And thus the real purpose of the hearing: to allow the Republicans who now run the House to box Ms. Warren about the ears. The big banks loathe Ms. Warren, who has made a career out of pointing out all the ways they gouge financial consumers — and whose primary goal is to make such gouging more difficult. So, naturally, the Republicans loathe her too. That she might someday run this bureau terrifies the banks. So, naturally, it terrifies the Republicans.

The banks and their Congressional allies have another, more recent gripe. Rather than waiting until July to start helping financial consumers, Ms. Warren has been trying to help them now. Can you believe the nerve of that woman?

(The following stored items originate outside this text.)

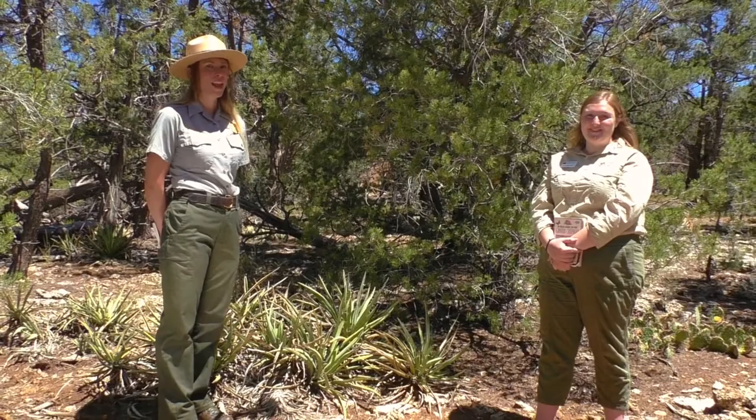Thanks for joining us on our explorations. Now it's time for you to get outside and safely explore the ecosystems where you live. Be sure to check out the online activities on ecosystems. Bye from the canyon!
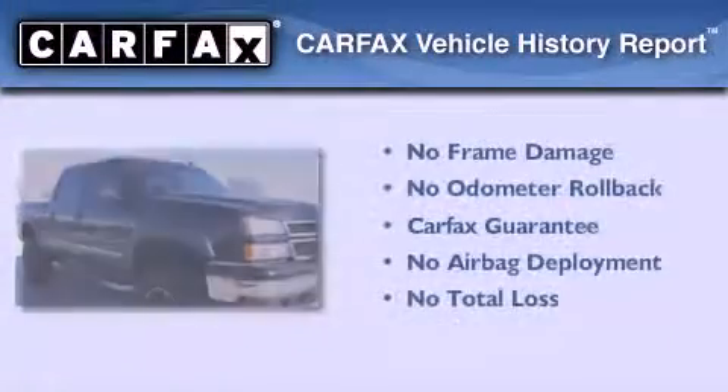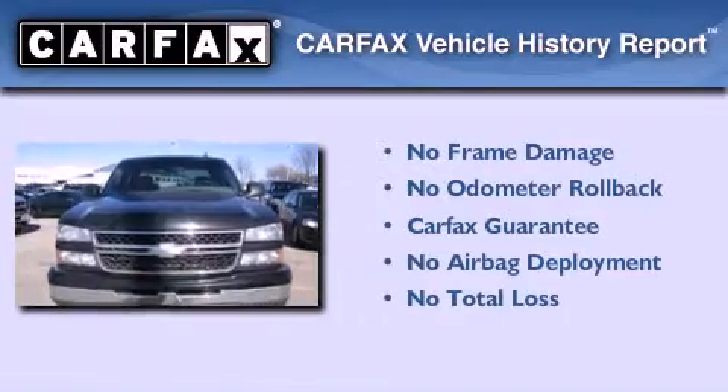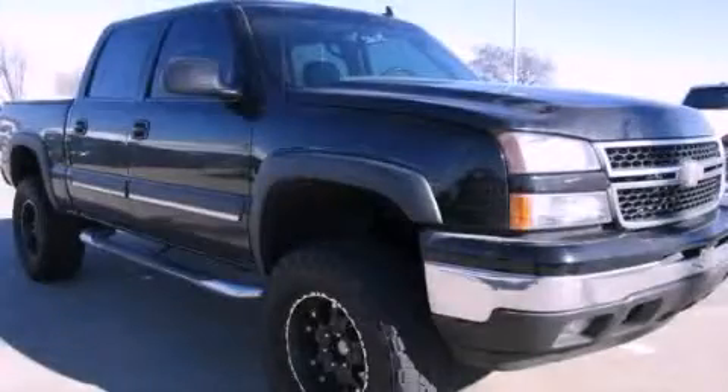Not to mention that this Chevrolet qualifies for the Carfax buyback guarantee. Please call us today for more information on this great vehicle.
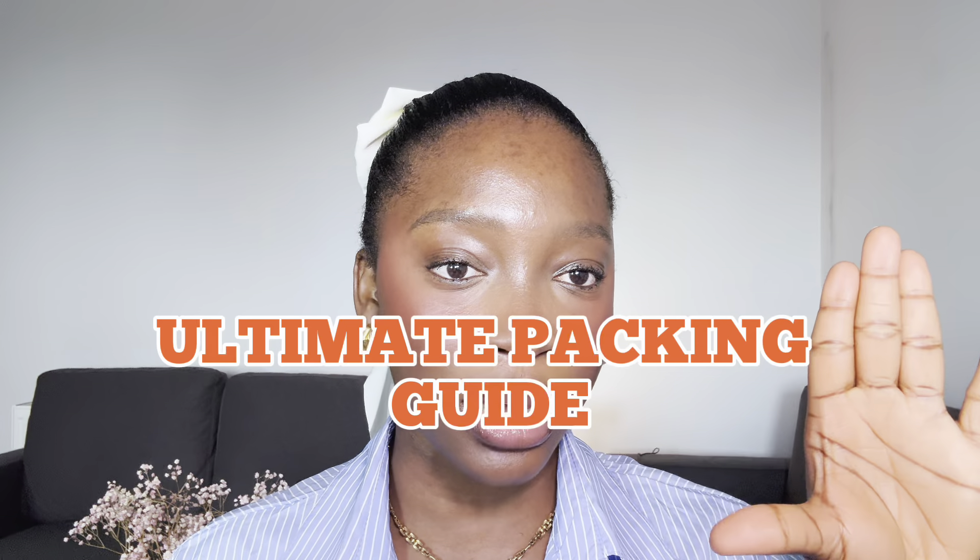Hi everyone, I'm Yowande and I'm an international student studying at Salford. If you're getting ready to make the big move to the UK for school and you're just wondering what to pack, then this is for you. I've got the ultimate packing guide to make sure you're all set, so let's get into it.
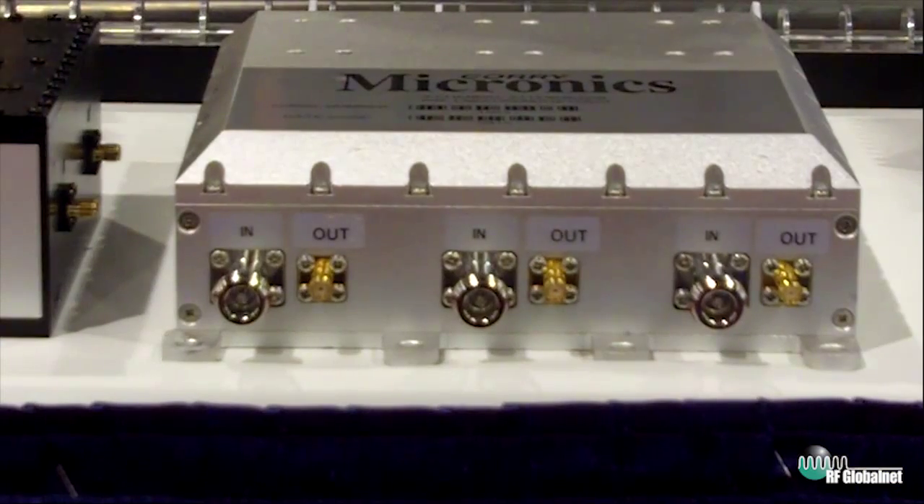More and more the RF engineers that we work with have been coming to us saying, we love the RF filters that you manufacture for us, the attenuators, the diplexers, the switches, but more and more we have intermod specs we need to meet and low-PIM is becoming more critical. So we're excited to roll out our new product line of low-PIM RF components, and specifically this week we've been highlighting our three-channel attenuator.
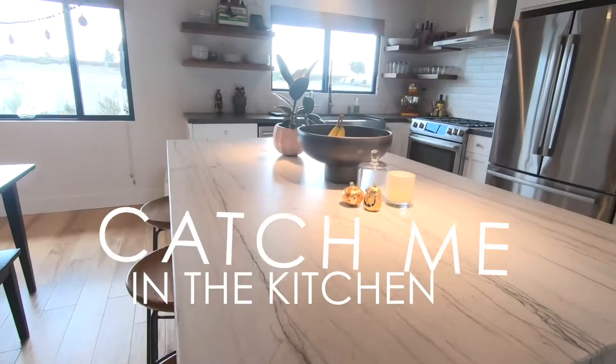Hi, I'm Jessica Panzeco with the Cotto Group, realtor in Orange County and South LA counties. Welcome to another episode of Catch Me in the Kitchen.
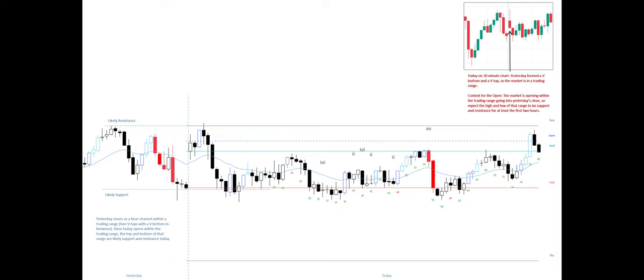Today on the 30-minute chart, yesterday formed a V-bottom and a V-top, so the market is in a trading range. Today's context for the open: the market is opening within the trading range going into yesterday's close, so expect the high and low of that range to be support and resistance for at least the first two hours.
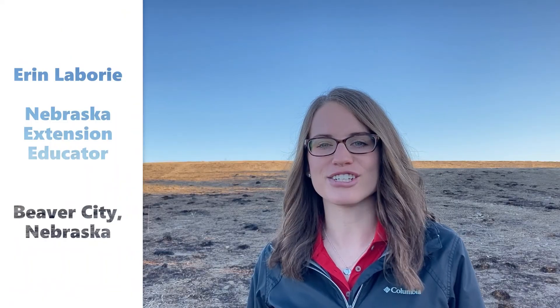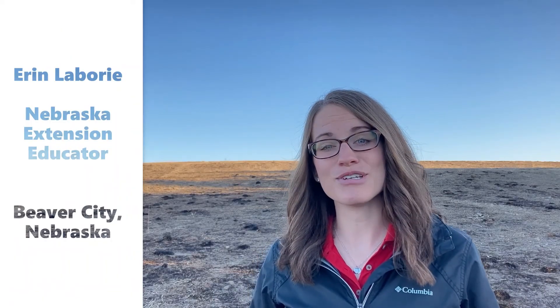Hey everyone, welcome back to Tailgate Talks. Erin Lavery, Nebraska Extension Educator here, and it's that time of year for controlled burning of pastures. We've talked a little bit about the use of prescribed fire to control cedar trees before, but in addition to controlling invasive plants, it's also a really great tool to help stimulate new plant growth and to prevent wildfires.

At the request of the states’ attorneys general, all 50 of whom have banded together to investigate the mortgage servicing industry in the wake of the foreclosure crisis, she has fed them ideas that have become part of a settlement proposal they are putting together. Recently, a 27-page outline of the settlement terms was given to banks — terms that included basic rules about how mortgage servicers must treat defaulting homeowners, as well as a requirement that banks look to modify mortgages before they begin foreclosure proceedings. The modifications would be paid for with $20 billion or so in penalties that would be levied on the big banks.

Naturally, the banks hate these ideas, too. So the Republican members of the subcommittee had another purpose as well: to use the hearing to serve as a rear-guard action against the proposed settlement.

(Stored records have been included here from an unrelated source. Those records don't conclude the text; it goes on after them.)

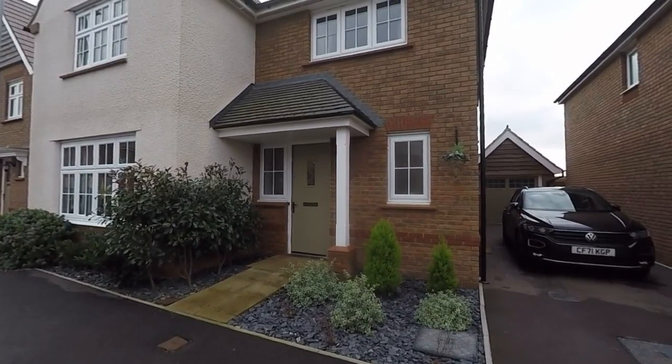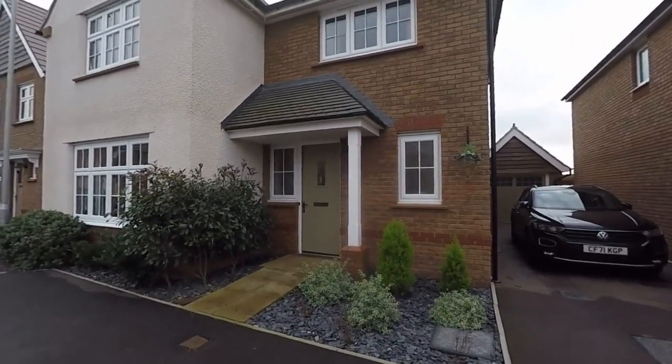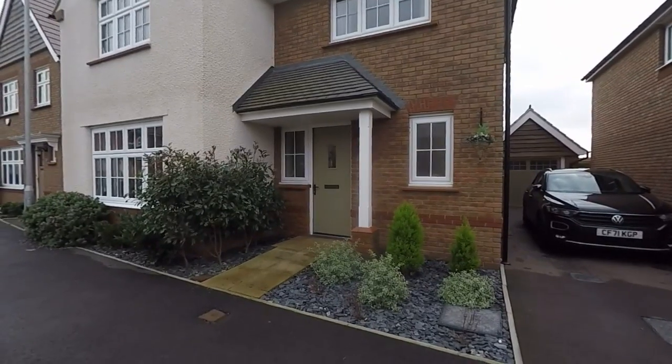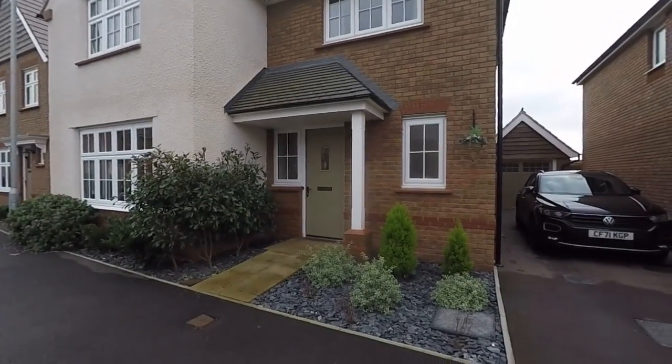Hello there and welcome to this video tour. Today we'll be showing you around this stunning four bedroom detached family home located here on Great Spring Road in Sudbrook.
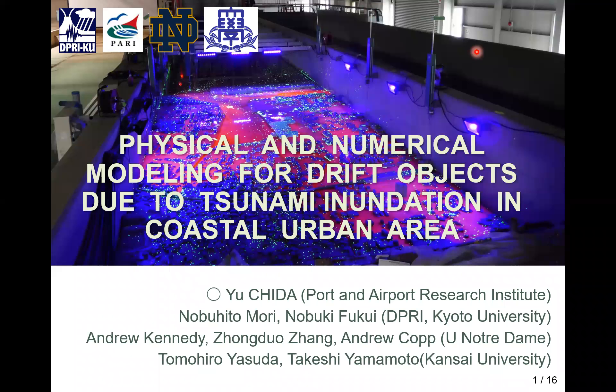Hello everyone. I'm Yuchida from Port and Airport Research Institute in Japan. The title of my presentation is physical and numerical modeling for drift objects due to tsunami inundation in the coastal urban area.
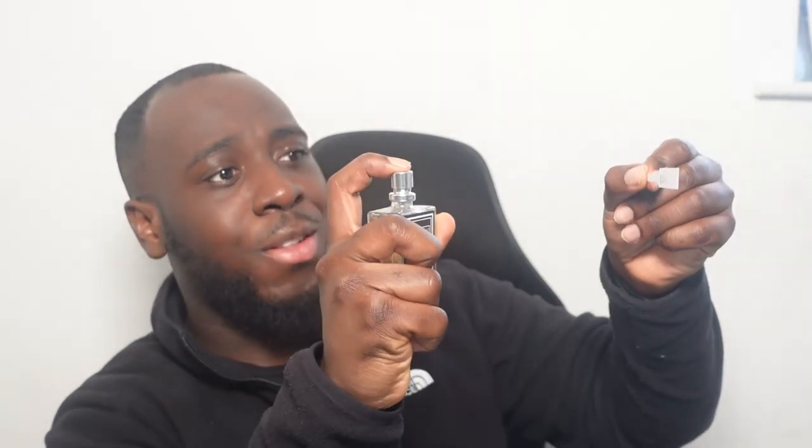Now this one is 461, which is Baccarat Rouge 540. There are just so many different dupes and inspired fragrances for Baccarat Rouge out there. I've even got one from Fragrance World myself. I will get a bottle eventually, but they're not cheap — £340 I think. Again, great atomizers, they spray really well. It's Baccarat Rouge 540 and it's really nice.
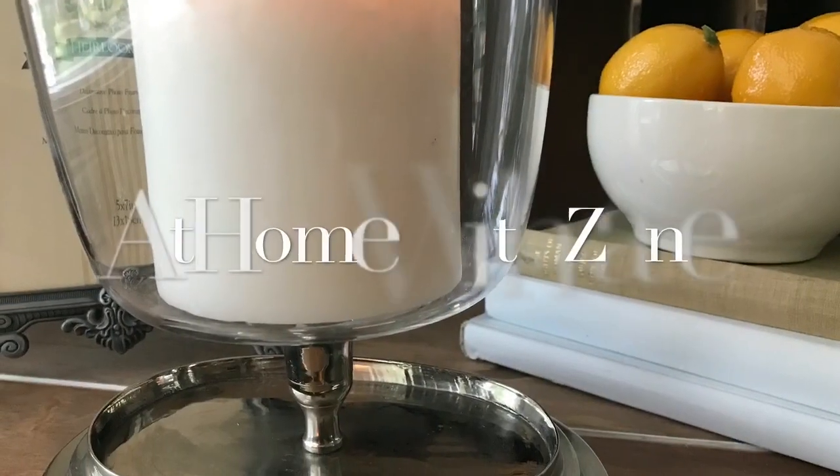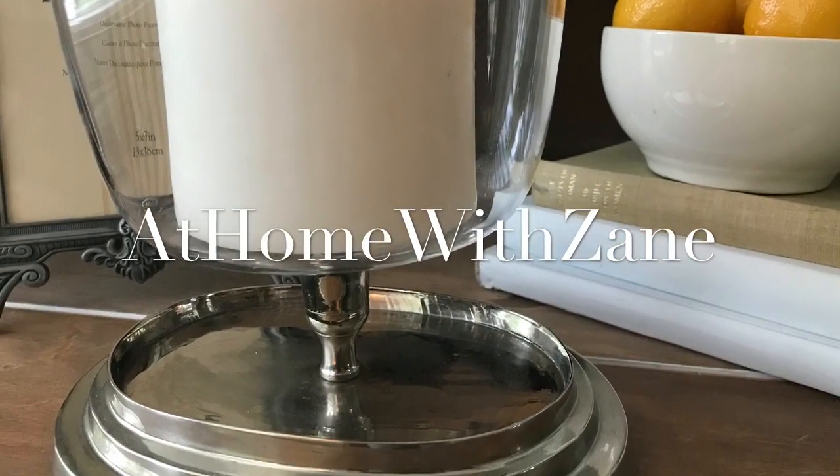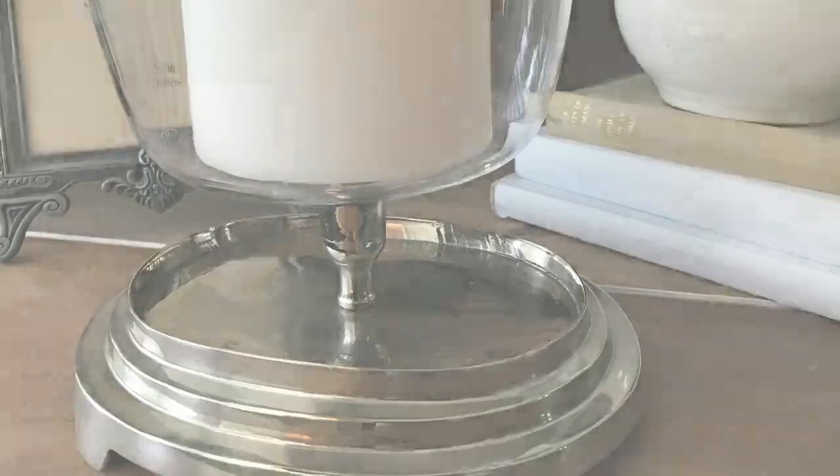I'm Zane Redfern, home decorating enthusiast and creator of At Home with Zane. If you want to achieve a designer decor look, thrift stores are the place to go. Today I'm going to share with you a few pieces that I picked up that you want to look for when you're out thrifting, because these are the type of pieces that are going to give you that look without having to pay the price.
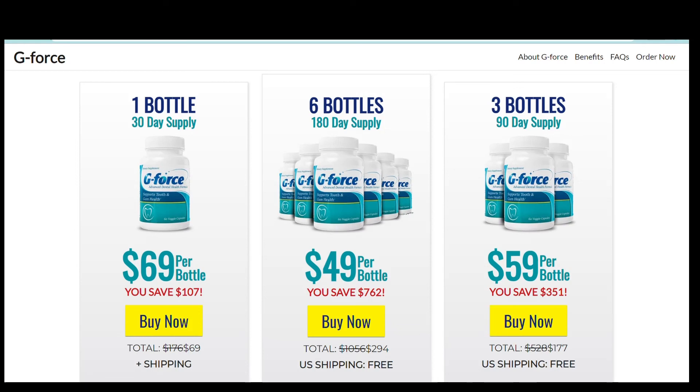I really hope I helped you with this G-Force review. Again, be careful about the website where you purchase it from, and remember to take the product every single day — commit to your treatment. If you liked the video, hit thumbs up for more. Thank you.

“Under what statutory authority are you currently acting?” demanded Representative Patrick McHenry, a Republican from North Carolina, questioning the legitimacy of her role in setting up the consumer bureau. He also questioned whether the government had the right to impose a $20 billion penalty on the banks — and then use that money for (heaven forbid) mortgage modifications.

Spencer Bachus, Republican of Alabama, the new chairman of the Financial Services Committee, wanted to know how closely Ms. Warren had been consulting with the White House and Treasury Secretary Timothy Geithner about naming a director for the bureau — and whether she would accept a recess appointment “knowing the type of blowback from that.” (A recess appointment is a temporary appointment the president can make when the Senate is in recess, thus avoiding the need for Senate confirmation.)

Representative Steve Pearce, Republican of New Mexico, said that he fully expected the Consumer Financial Protection Bureau to be no better than “the S.E.C. and Mr. Madoff.” “Within two years,” he added, “your agency is going to be operating exactly the same, that it’s simply out there grinding wheels away.”

Representative Scott Garrett, Republican of New Jersey, zeroed in on the proposed settlement. Where in the statute did she have the authority to consort with the attorneys general? he demanded to know. “Are you making recommendations to government regulators about the dollar amount?” he badgered. “Is that part of your role, to make recommendations about dollar amounts?”

On and on it went, until the hearing sputtered to a close, two and a half hours after the browbeating had begun.

To listen to the House Republicans, you’d think the financial crisis of 2008 was like that infamous season of the long-running soap opera “Dallas,” the one that turned out to be a season-long dream. Subprime mortgages? Too-big-to-fail banks? Unregulated derivatives? No problem! With the exception of their bête noire, Fannie Mae and Freddie Mac, the Republicans act as if nothing needs to be done to prevent another crisis. Indeed, they act as if the crisis never happened.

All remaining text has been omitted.